We had Meta earnings after the close today. They grew revenues by 27% compared to the same quarter last year. They grew net income by 114%. And they expanded operating margins from 25% to 38%.
Sounds quite good. But the stock was crushed in after-hours trading.
The "sell" algorithms were assumably triggered by 1) Meta's guidance for the next quarter, which will be relatively flat quarter-to-quarter revenue growth, and 2) their plan to spend more than they originally guided in capex for the year.
On the former, keep in mind, Meta has rolled out its new large language model across its family of apps, and has yet to attempt to monetize it (which will be a fresh revenue growth catalyst, along with other AI products).
On the latter, the capex spend is a continued massive investment in infrastructure to support AI. The top end of this year's guidance will put them at $100 billion worth of investment over the past three years on: data centers, servers and network infrastructure.
Meta's goal is to be the leading AI company in the world. And the bigger the spend, all funded by cash flow, the more dominant their position in AI is assured.
With that, we'll hear from Microsoft and Google tomorrow. They too will report massive investments in AI infrastructure and new product development.
For these companies, the Wall Street scrutiny over "mid-points of guidance" and such, on the quarter, is a meaningless exercise.

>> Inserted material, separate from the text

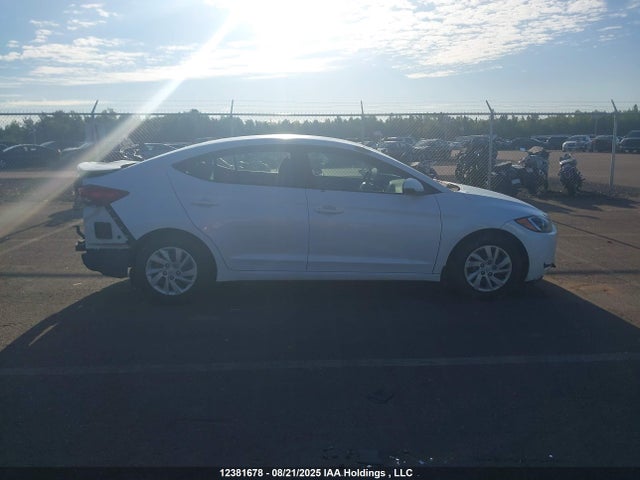 Hyundai 2017 2017 5NPD74LF8HH142387 Image 13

These earnings calls from the big tech giants are about discovery. What are they learning? What are they building? How fast is the technology revolution progressing? And how do they see it unfolding?

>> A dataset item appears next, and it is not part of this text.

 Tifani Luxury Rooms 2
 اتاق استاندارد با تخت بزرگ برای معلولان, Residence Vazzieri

In a lot of ways, this reminds me of the Q3 earnings season, back in October. The tech giants were putting up big numbers. It was hard to find something to be disappointed about, with how they were performing and reorienting their businesses around generative AI. But the stocks were being sold.
Broadly, stocks were in a correction at that time, driven by a Fed that had spent the prior few months reupping threats of more tightening. And that had sent the 10-year yield surging to 5%.

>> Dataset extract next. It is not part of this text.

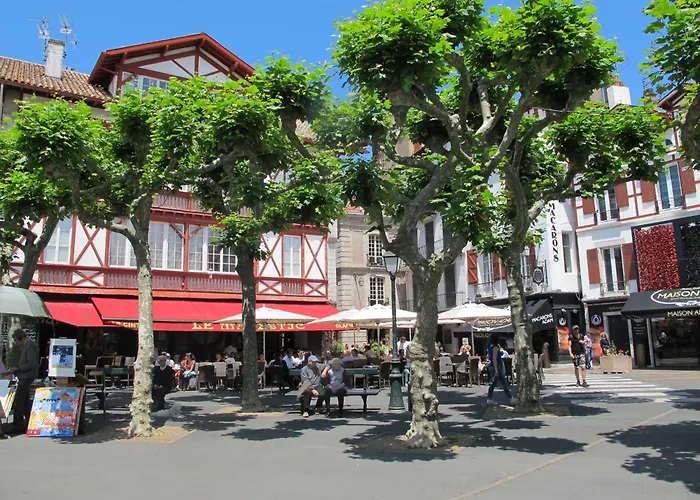 Republique Plein Centre Historique Et A 2 Pas De La Grande * סן-ז'אן-דה-לוז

Stocks bottomed the week of big tech earnings, and on the day of the PCE (inflation) report.
That PCE report showed a continued decline in the rate of inflation. And with that, given that the 10-year yield was at a very restrictrive level and stocks were in a correction, the Fed signaled the end of the tightening cycle.
Fast forward to today, and we're in a stock market correction. The 10-year yield has had another sharp rise, trading last week to the highest level since early November of last year (4.7%). And we get the PCE report on Friday.
For perspective, core PCE is almost a percentage point lower than it was last October when the Fed signaled the end of the tightening cycle. Rates are more restrictive today, than last October.